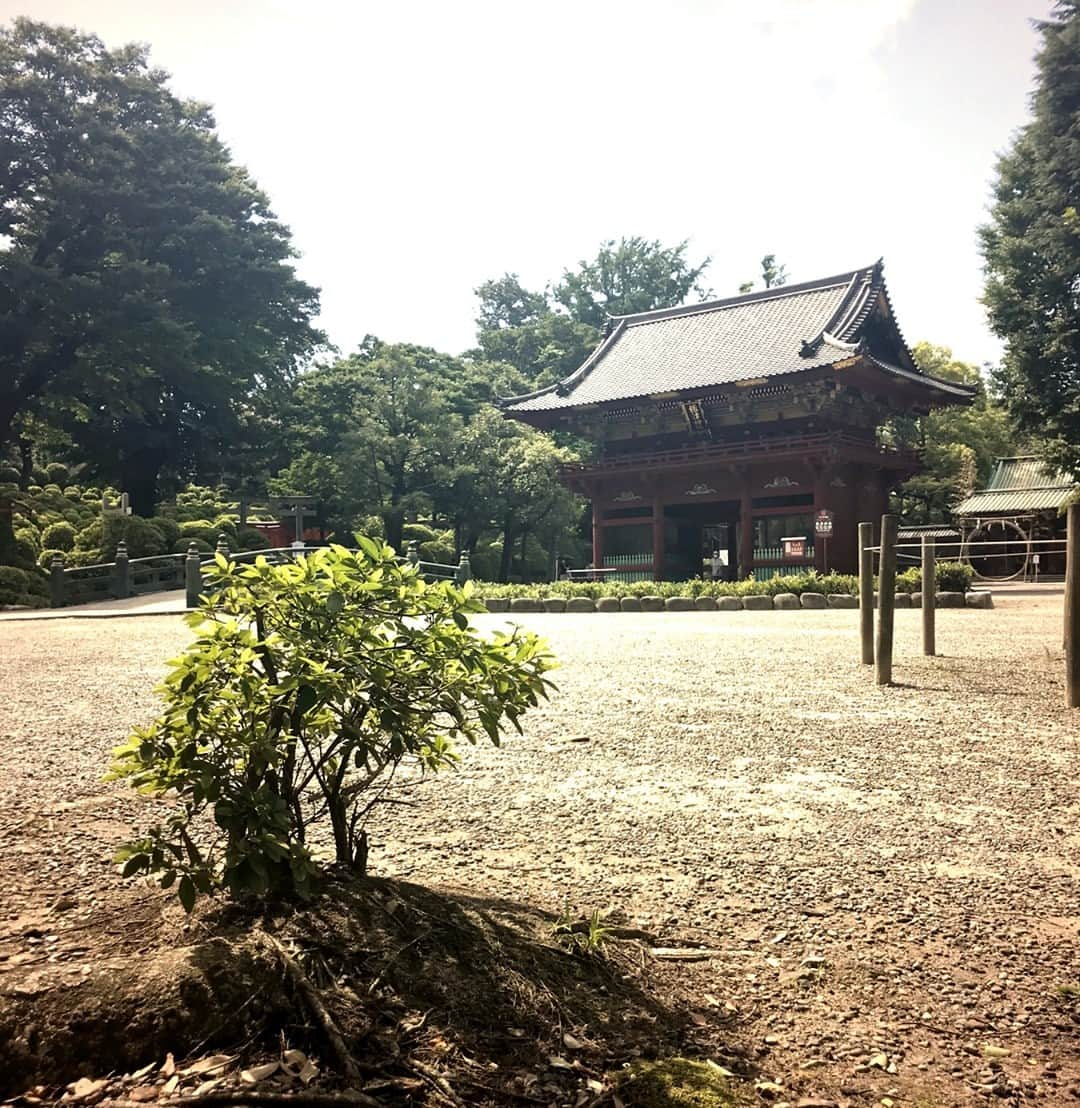 hotelgraphynezuさんのインスタグラム写真 - (hotelgraphynezuInstagram)「GoToキャンペーンにてどこへ行きますか？東京の根津神社はいかがでしょうか？⛩️⁠ ⁠ HOTEL GRAPHY NEZUから根津神社まで歩10分ですので、もちろんHOTEL GRAPHY NEZUに滞在するのはオススメです！😉⁠ ⁠ 古代東京に戻ることはいかがですか？⁠ ----------------------------------------------------------------⁠ Go To travel to...Nezu Shrine？⁠⛩️⁠ As we are just 10 min away from this famous power spot, we recommend a relaxing stay at HOTEL GRAPHY NEZU, at the heart of  Yanesen area. Ready for a coming back to ancient Tokyo?⁠ ⁠ @hotelgraphynezu⁠ -----------------------------------------------------------------#hotelgraphynezu⁠ #ホテルグラフィー根津⁠ #tokyowalk#yanaka#taitoku#ueno#uenotokyo#tokyolife#tokyojapan#tokyotrip2020#japantrip2020#asiatrip#lovetokyo#lifeintokyo#gotocampaign#tokyophoto#nezushrine⁠ #東京散歩#東京ライフ#東京生活#東京観光#台東区#上野#谷根千#根津#谷中#下町#gotoキャンペーン#gotoキャンペーン東京#根津神社」9月23日 11時40分 - hotelgraphy_nezu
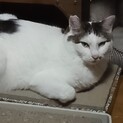 高齢の飼い主様が施設入居予定の為、里親様募集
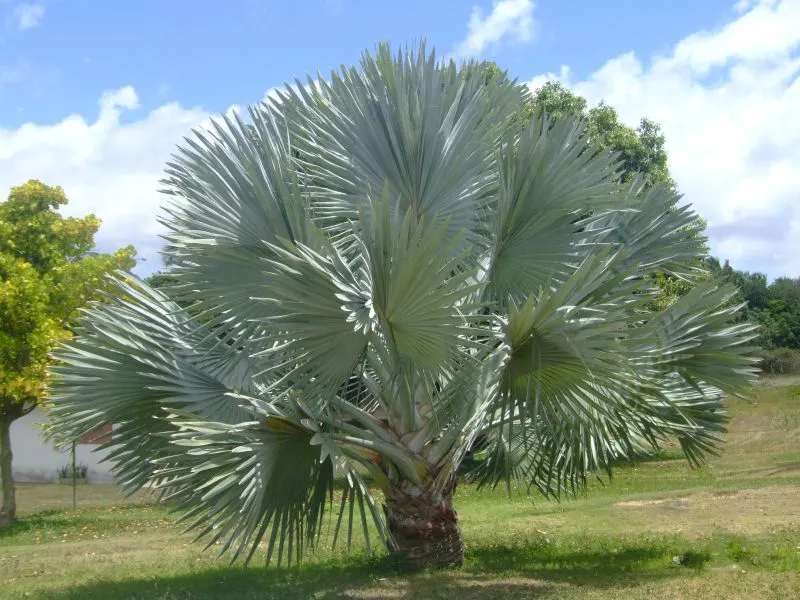 Bismarck Palm (Bismarckia Nobilis) — each approximately 4 feet in width; it thrives in full sun and well-draining soil, bringing a tropical flair to landscapes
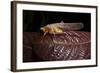 Multicolored Katydid, Yasuni NP, Amazon Rainforest, Ecuador-Pete Oxford-Framed Photographic Print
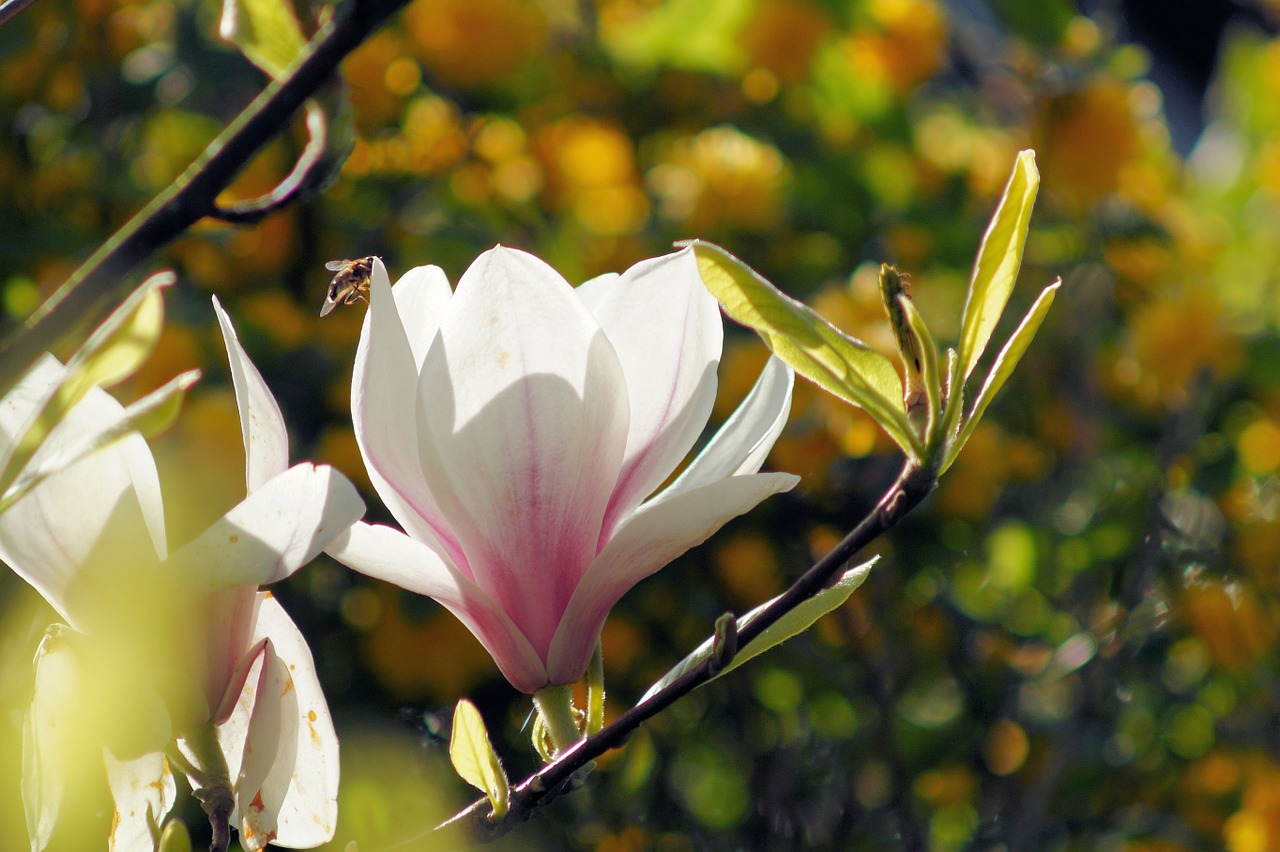 Magnolija, Žiedas, Žydėti, Gėlė, Gražus, Švelnus, Nemokamos Nuotraukos,  Nemokama Licenzija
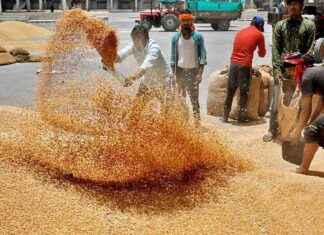 Successful Wheat Procurement by Indian FPOs: A Yearly Review successful-wheat-procurement-by-ndian-fpos-a-yearly-review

**Work required:** If an entry holds a picture, leave the picture out and repeat the rest exactly.

**Completed exercise:**
 hotelgraphynezuさんのインスタグラム写真 - (hotelgraphynezuInstagram)「GoToキャンペーンにてどこへ行きますか？東京の根津神社はいかがでしょうか？⛩️⁠ ⁠ HOTEL GRAPHY NEZUから根津神社まで歩10分ですので、もちろんHOTEL GRAPHY NEZUに滞在するのはオススメです！😉⁠ ⁠ 古代東京に戻ることはいかがですか？⁠ ----------------------------------------------------------------⁠ Go To travel to...Nezu Shrine？⁠⛩️⁠ As we are just 10 min away from this famous power spot, we recommend a relaxing stay at HOTEL GRAPHY NEZU, at the heart of  Yanesen area. Ready for a coming back to ancient Tokyo?⁠ ⁠ @hotelgraphynezu⁠ -----------------------------------------------------------------#hotelgraphynezu⁠ #ホテルグラフィー根津⁠ #tokyowalk#yanaka#taitoku#ueno#uenotokyo#tokyolife#tokyojapan#tokyotrip2020#japantrip2020#asiatrip#lovetokyo#lifeintokyo#gotocampaign#tokyophoto#nezushrine⁠ #東京散歩#東京ライフ#東京生活#東京観光#台東区#上野#谷根千#根津#谷中#下町#gotoキャンペーン#gotoキャンペーン東京#根津神社」9月23日 11時40分 - hotelgraphy_nezu
 高齢の飼い主様が施設入居予定の為、里親様募集
 Bismarck Palm (Bismarckia Nobilis) — each approximately 4 feet in width; it thrives in full sun and well-draining soil, bringing a tropical flair to landscapes
 Multicolored Katydid, Yasuni NP, Amazon Rainforest, Ecuador-Pete Oxford-Framed Photographic Print
 Magnolija, Žiedas, Žydėti, Gėlė, Gražus, Švelnus, Nemokamos Nuotraukos,  Nemokama Licenzija
 Successful Wheat Procurement by Indian FPOs: A Yearly Review successful-wheat-procurement-by-ndian-fpos-a-yearly-review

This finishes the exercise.